4 inspiring working mums and their secrets
From a successful career, a loving family and even time to pursue their personal interests, some mothers just seem to have it all. While there’s never just one approach to juggling family and career efficiently, what the approaches all have in common is that a choice and equal opportunities are presented to working mothers.
While the journey to motherhood differs for each woman, here are four inspiring working mums and their secret to balance family and career:
Diana Ser – TV Presenter
Singapore’s own Diana Ser has gone on the record to talk about her regrets leaving her job as a TV presenter after having her first child over ten years ago. Despite her passion for her job, she ultimately chose family over career. A key contributing factor to her departure was that flexible work hours were not an option readily available at the time. Even though Diana is now back to hosting, her story has raised awareness for how working mothers like her may struggle with the fear of being severely underpaid after returning from maternity leave. Since then, new policies, such as flexitime, have started to gain ground in helping working mothers in Singapore achieve greater work-life balance in a fairer and more sustainable manner.
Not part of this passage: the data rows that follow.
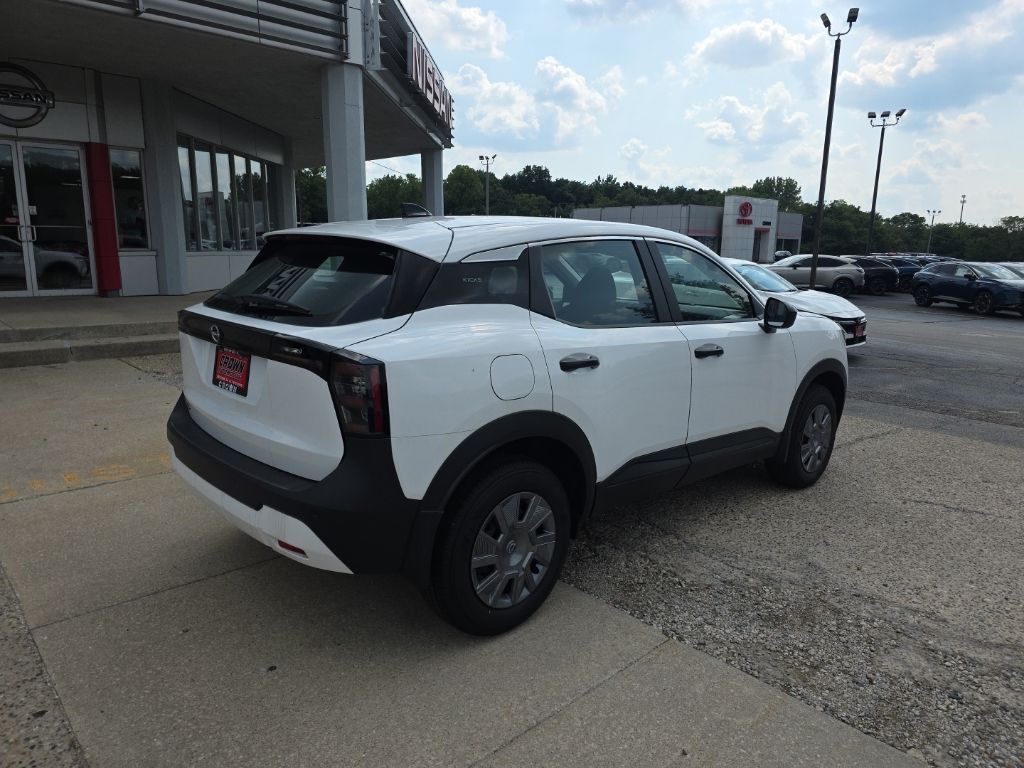 2026 Nissan KICKS S - Photo 3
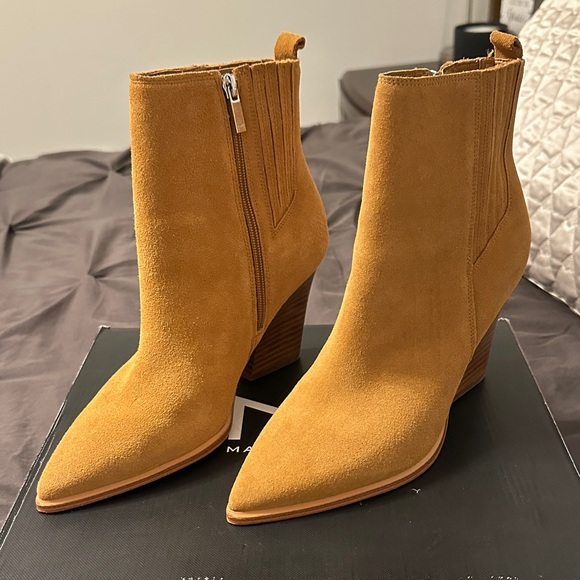 Marc Fisher Shoes - Chic Tan Ankle Boots for Women
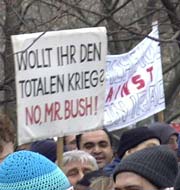 Transparent von der Friedensdemo in Berlin: Wollt ihr den totalen Krieg? No, Mr. Bush!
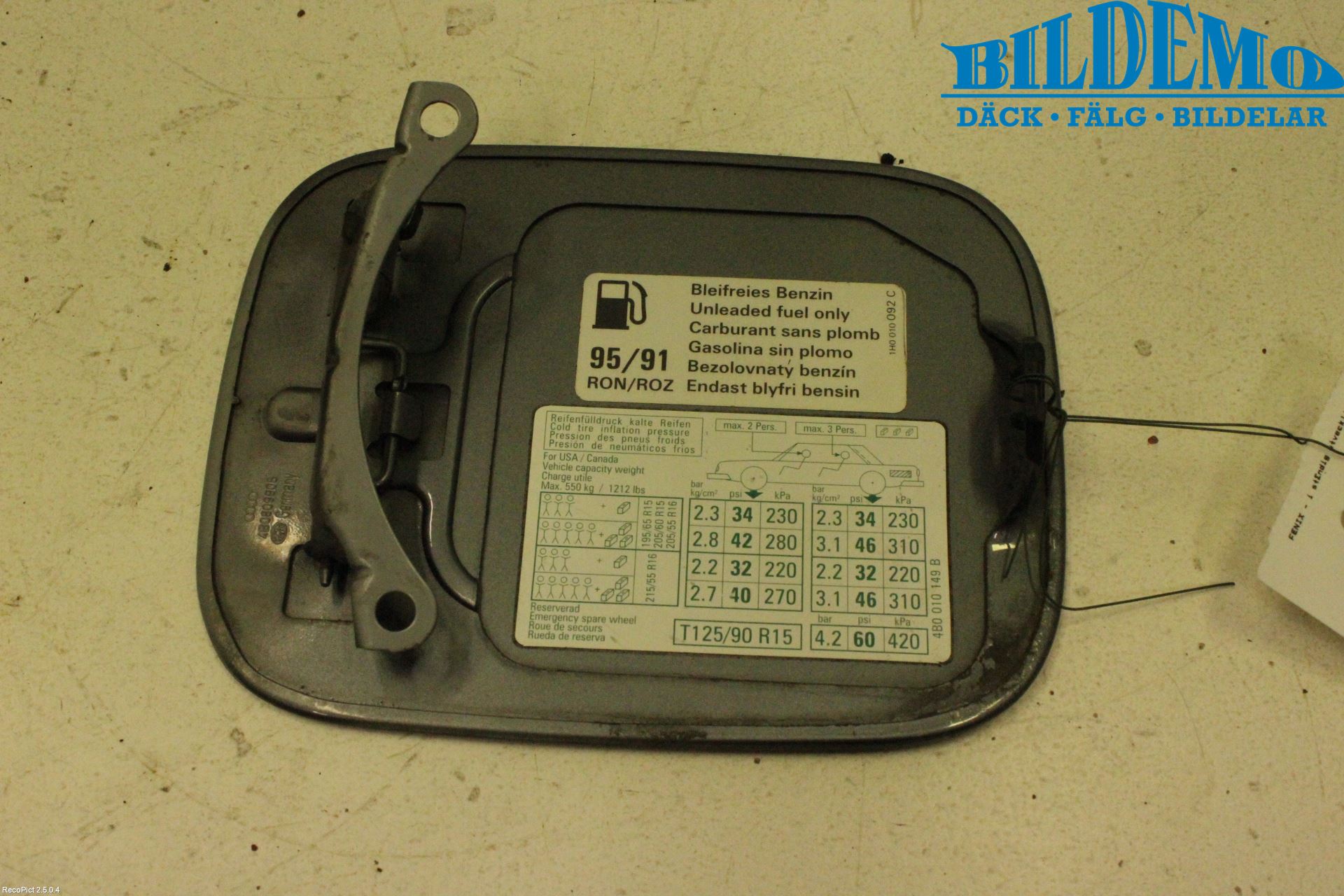 Audi A6/S6     97-05 Drivstoff Tankluke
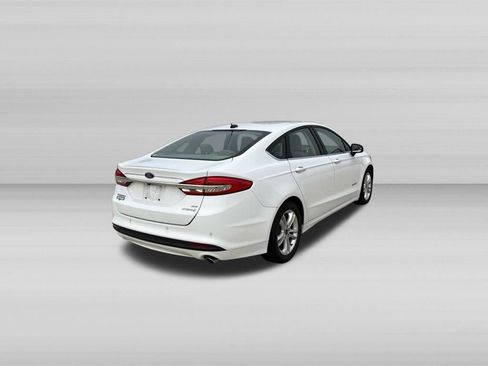 Used 2018 Ford Fusion SE FWD image 5
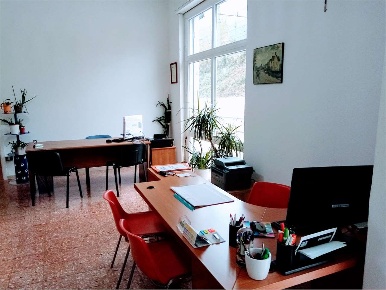 Foto Negozio in via toce 81, Villadossola di 110 m² con 3 locali in vendita
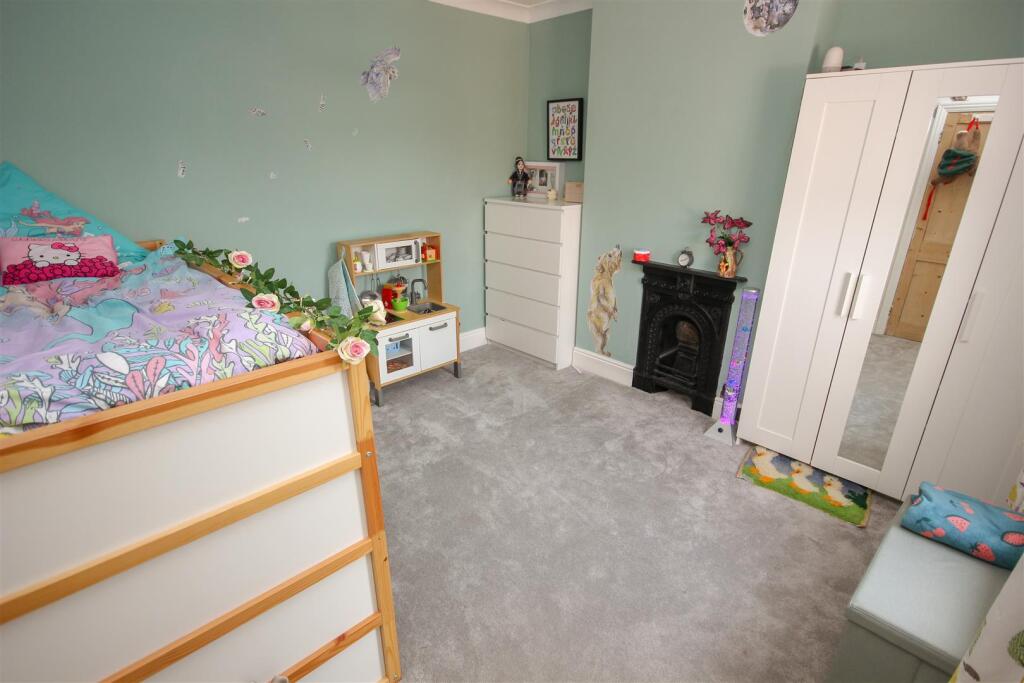 Bedroom 2.jpg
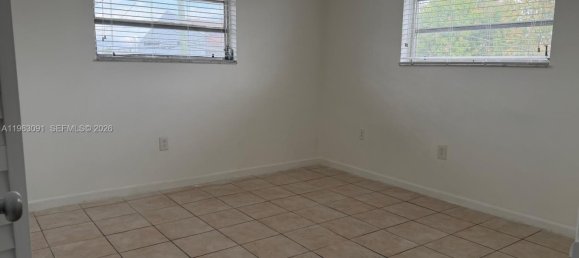 4 chambres villa à louer à Miami, Miami-Dade, Florida, USA № 614464 13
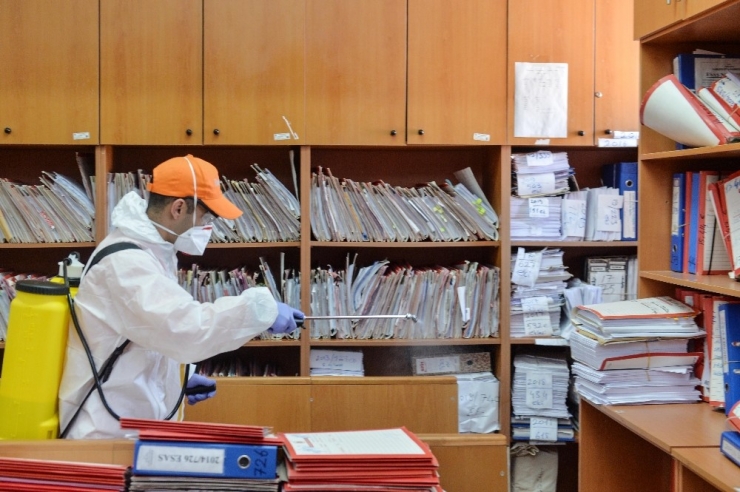 Ankara Büyükşehir Belediyesi’nde Korona Virüs Önlemleri İçin Temizlik Personelinin İzinleri Kaldırıldı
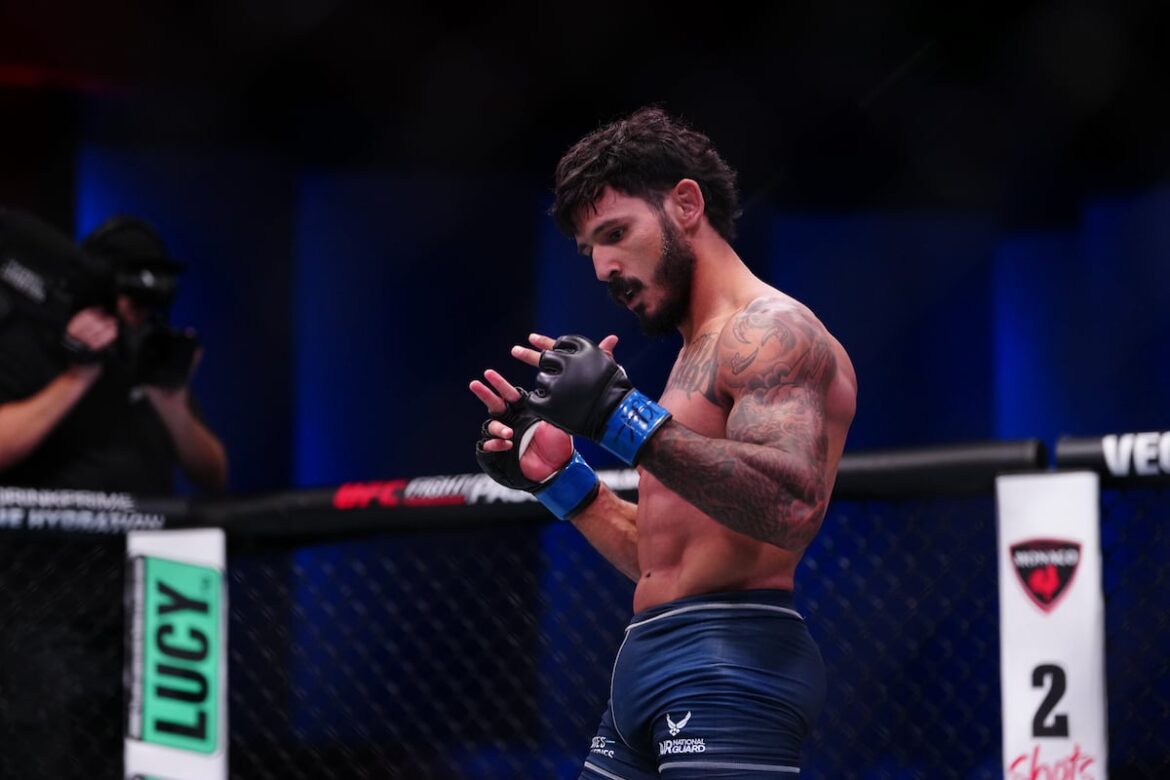 lutador-paranaense-impressiona-dana-white-com-nocaute-e-assina-com-o-ufc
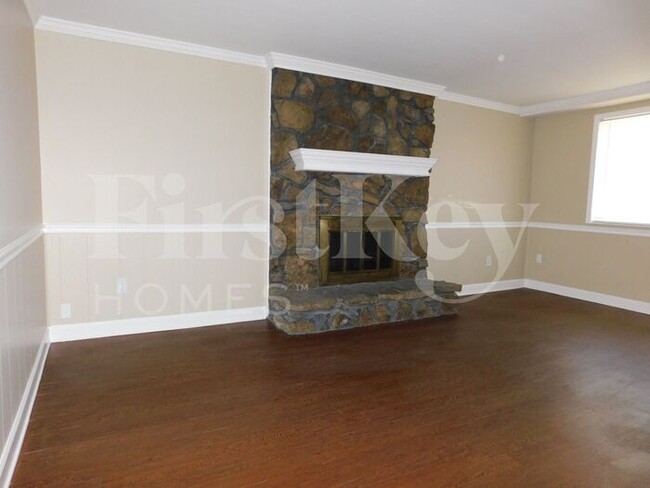 Building Photo - 7076 Autumnhill Ln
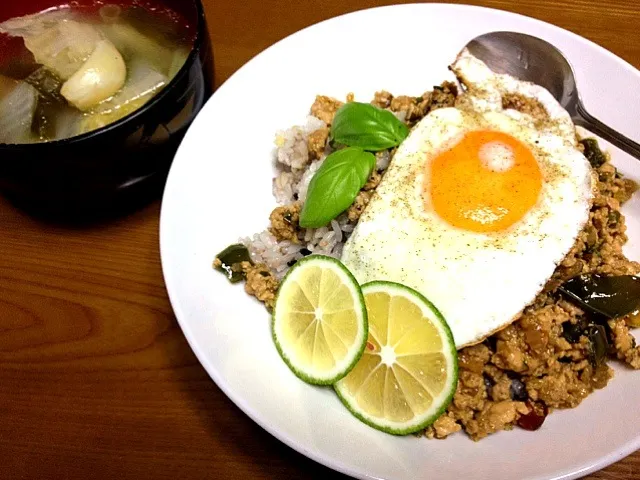 Snapdishの料理写真:ガパオごはん、にんにくスープ|tomomiさん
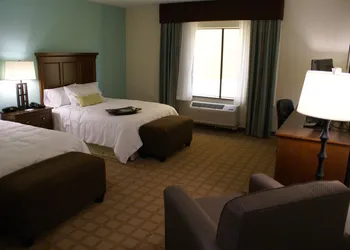 Hampton Inn & Suites Center hotel thumbnail 7
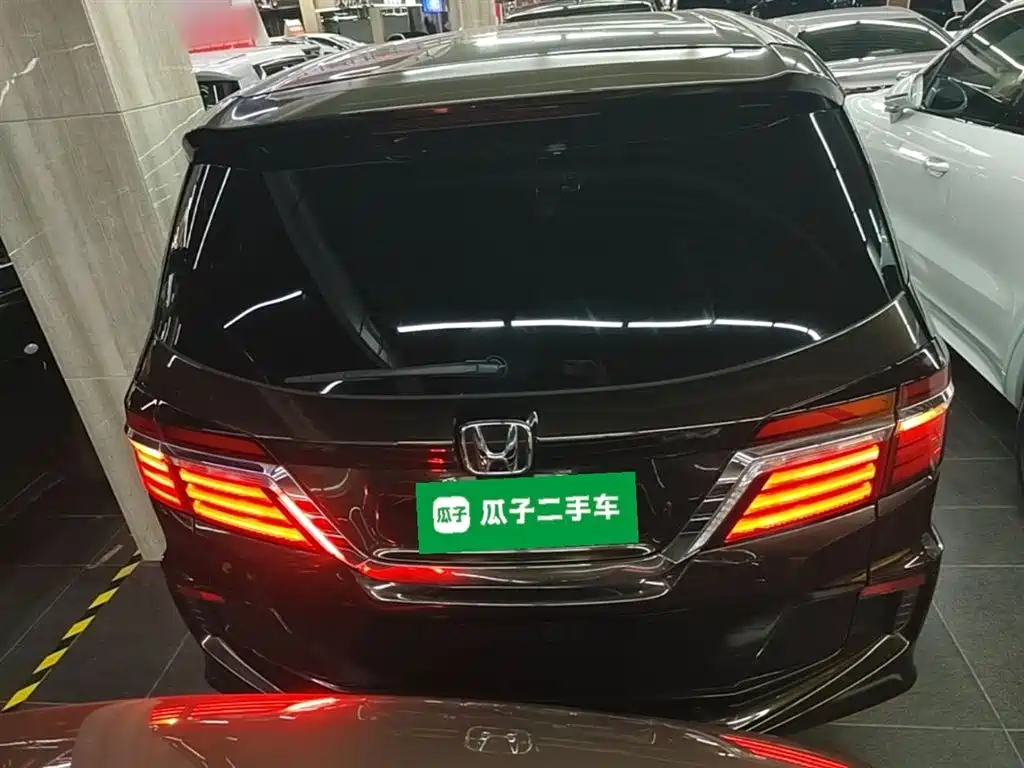 Honda Elysion 2017 — фото 6
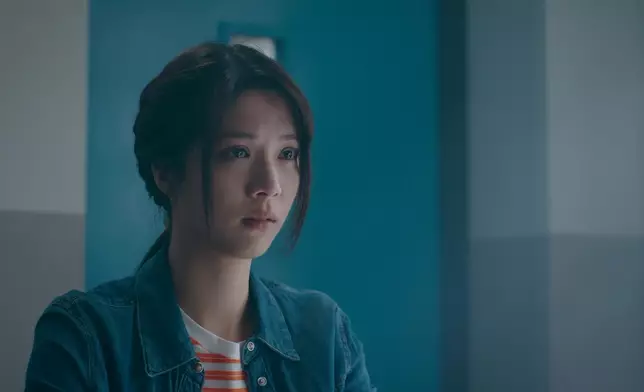 Sammy PUA湘言係做足功夫嘅，有肢體接觸之餘，仲有迷人笑容，證明佢哋埋位拍攝前度足細節。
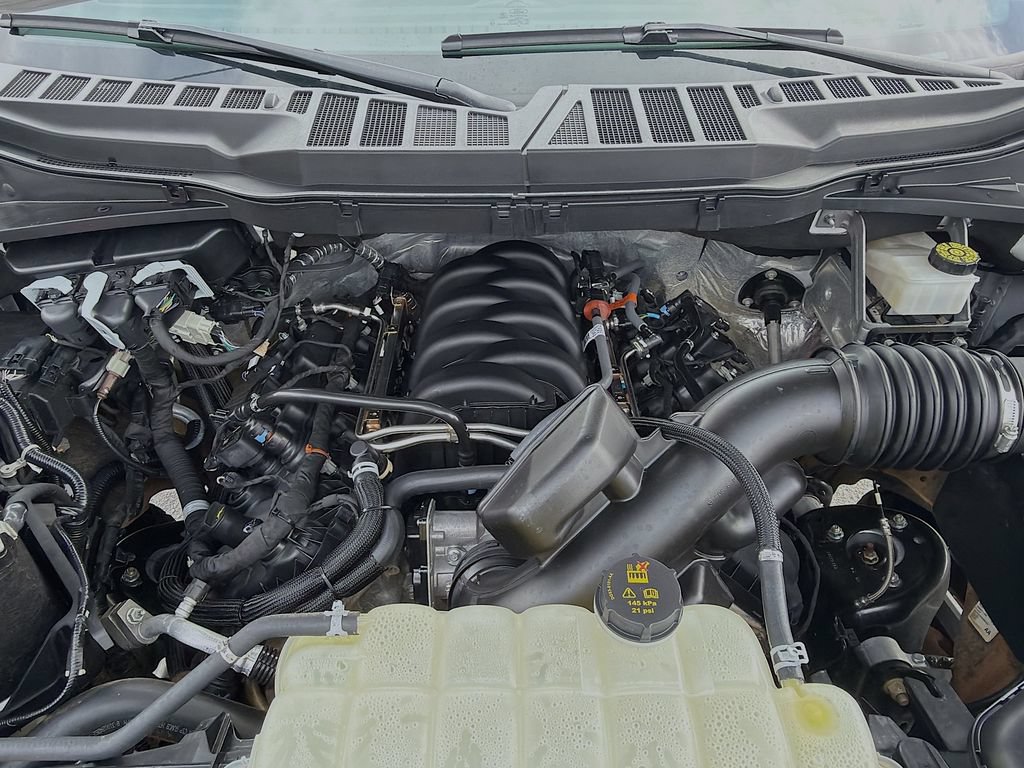 Used 2024 Ford F150 Lariat w/ FX4 Off-Road Package AWD/4WD image 31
Jacinda Ardern – Prime Minister of New Zealand
Jacinda became the world’s youngest female leader after she was elected as New Zealand’s prime minister in September 2017. She then became e the first elected leader to go on maternity leave during her stint in office. Dispelling the public impression that she’s got it all covered as a soon-to-be mother as well as the PM, the Kiwi credited her partner Clarke Gayford, who will be looking after their child full-time, as the key to juggling work and caring for her baby. If there is anything we can learn from Jacinda, it’s that mothers should never be afraid of seeking help.
Susan Wojcicki – CEO of YouTube
Susan began her tech career at Google in 1999 before rising up the ranks and ultimately assuming her role as CEO of YouTube – which is owned by Google – in 2014. As a firm believer in work-life balance, the working mum has since been on five maternity leaves during the course of her career. Inadequate maternity leave forces mothers to head back to work before they are mentally prepared to do so, which often have adverse effects on mothers as well as their child’s health. As a CEO, Samantha is an outspoken advocate for paid maternity leave, crediting it as a major factor to boosting productivity and retaining talented mothers in the workplace.
Adele – Singer/Songwriter/Producer
Beyond the glitz and glamour of the music industry, Adele has opened up on her struggle with postpartum depression and how she overcame it by giving herself short “breaks” from motherhood. The condition is aggravated when she is away for work at tours, causing her to feel guilty for not being able to be by her child’s side. There is no doubting a mother’s love for their child, but sometimes juggling career and family time is exhausting, and working mothers also need to make time for themselves, without feeling guilty for doing so. In fact, taking short breaks for alone time allowed Adele to recharge, enabling her to perform even better in both the capacities of a mother as well as an artist.